It would have been in the late 1880s, when the ministry of C. H. Spurgeon was drawing to a close, that a Dubliner by the name of Hugh Dunlop Brown (1858–1918) attended worship at Spurgeon’s Tabernacle with a few thousand other men and women and children.
As Spurgeon came to preach he caught sight of Brown in the congregation and immediately exclaimed: ‘I see my friend Brown from Dublin; will he please come round and help me.’ One can well imagine that it was a rare occasion for Spurgeon to invite a man out of the vast audiences that attended on his preaching to help him in the pulpit. But then Hugh Brown was a remarkable man, though I dare say his name has been forgotten a little over a century since his stepping into heaven.

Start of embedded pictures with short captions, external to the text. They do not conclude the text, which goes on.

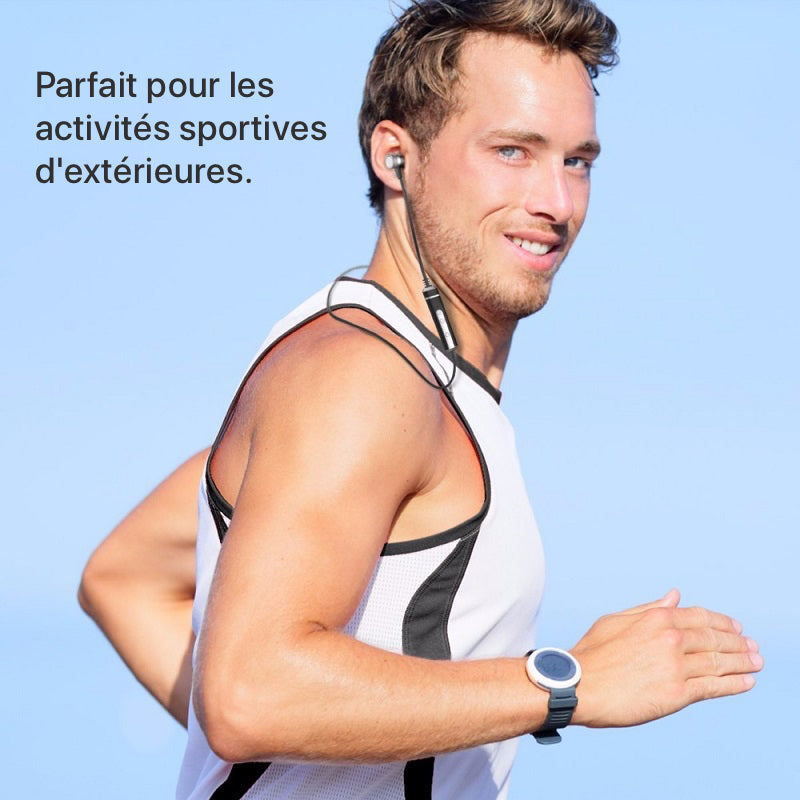 Les écouteurs magnétiques Bluetooth H6 sont parfait pour les activités sportives extérieures.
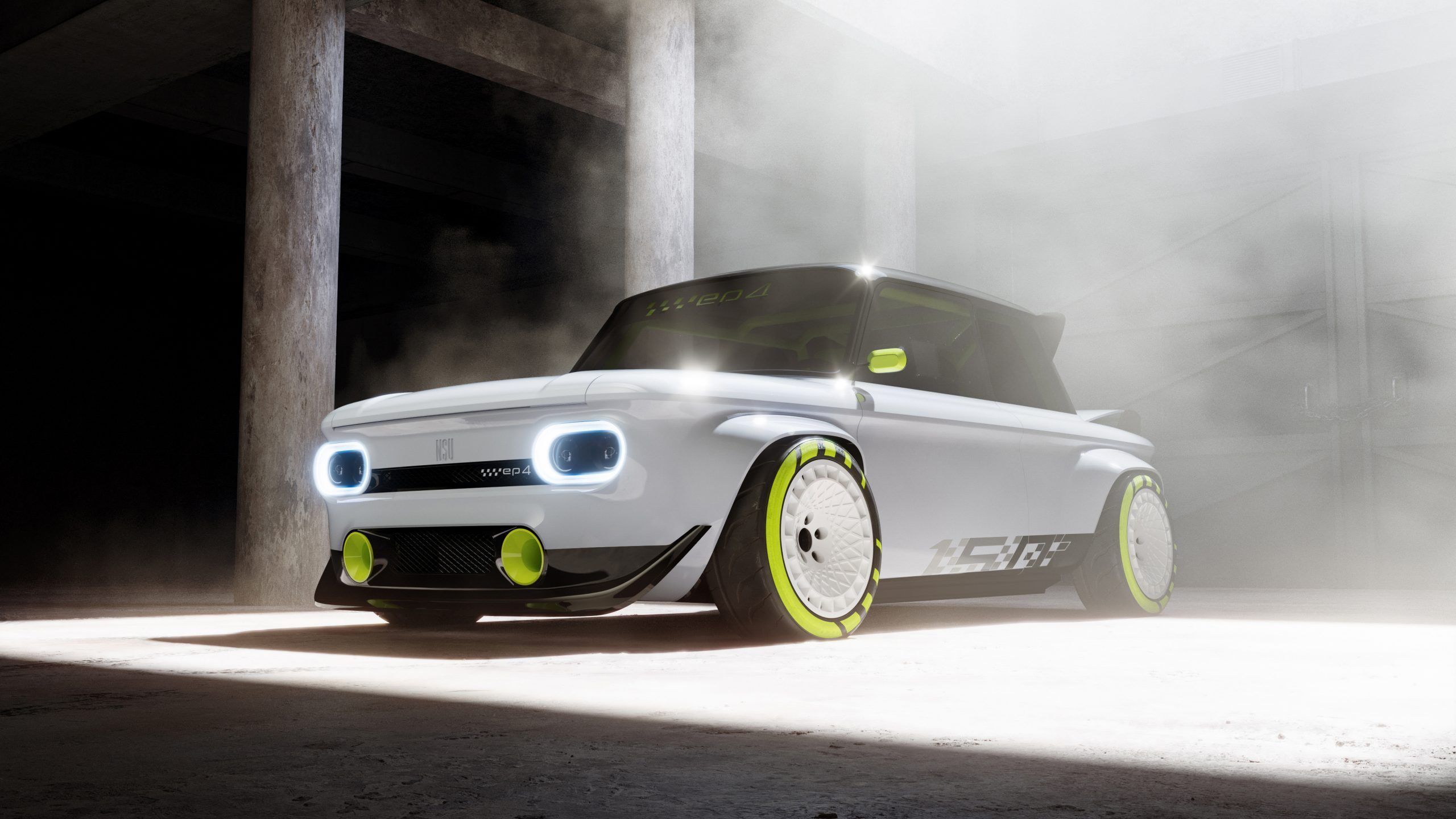 Audi apprentices resurrect 1971 NSU Prinz with e-tron power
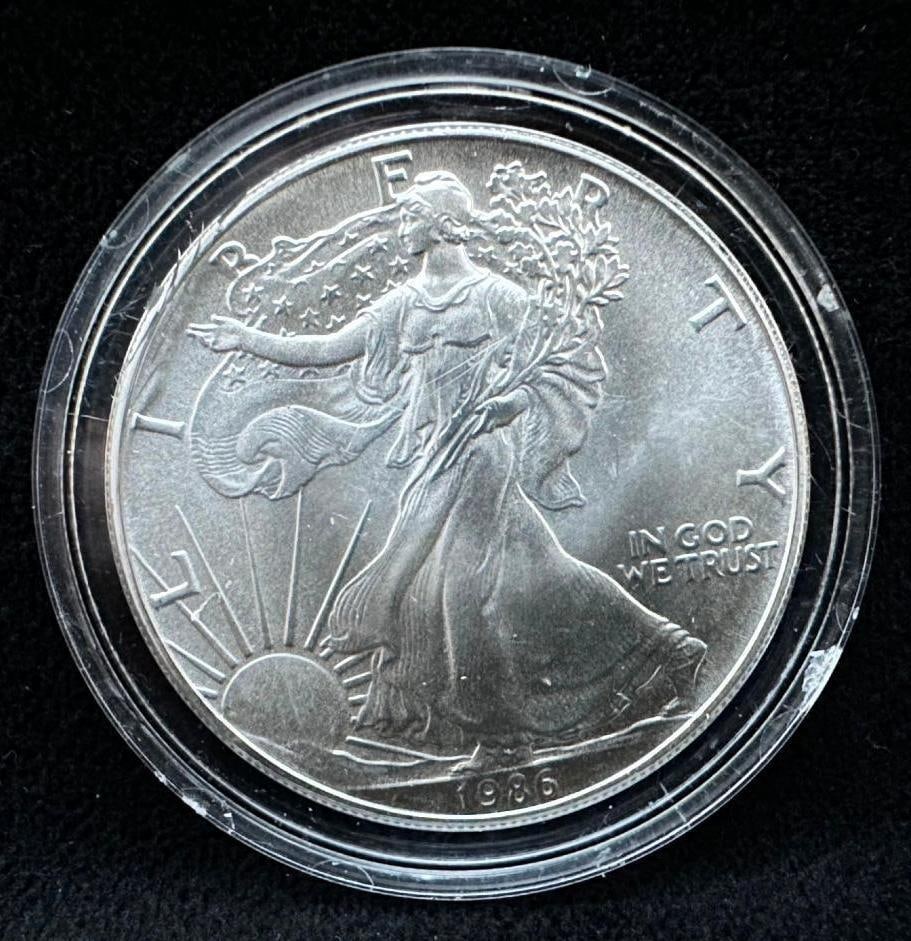 .999 Silver US Mint 1986 Silver Eagle (1 of 2)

Material wealth & spiritual riches
Hugh Brown came from wealth. His father, also Hugh Brown (d.1882), had founded the department store now known as Brown Thomas with a James Thomas in 1848 on Grafton Street in Dublin. The wealth that accrued to him enabled him to raise his family in comfort. Such wealth has proven to be a snare to many, but Hugh Brown and his wife Marianne (d.1912) were evangelical Christians, faithful members of the Church of Ireland, and sought to use their wealth for the advance of God’s kingdom.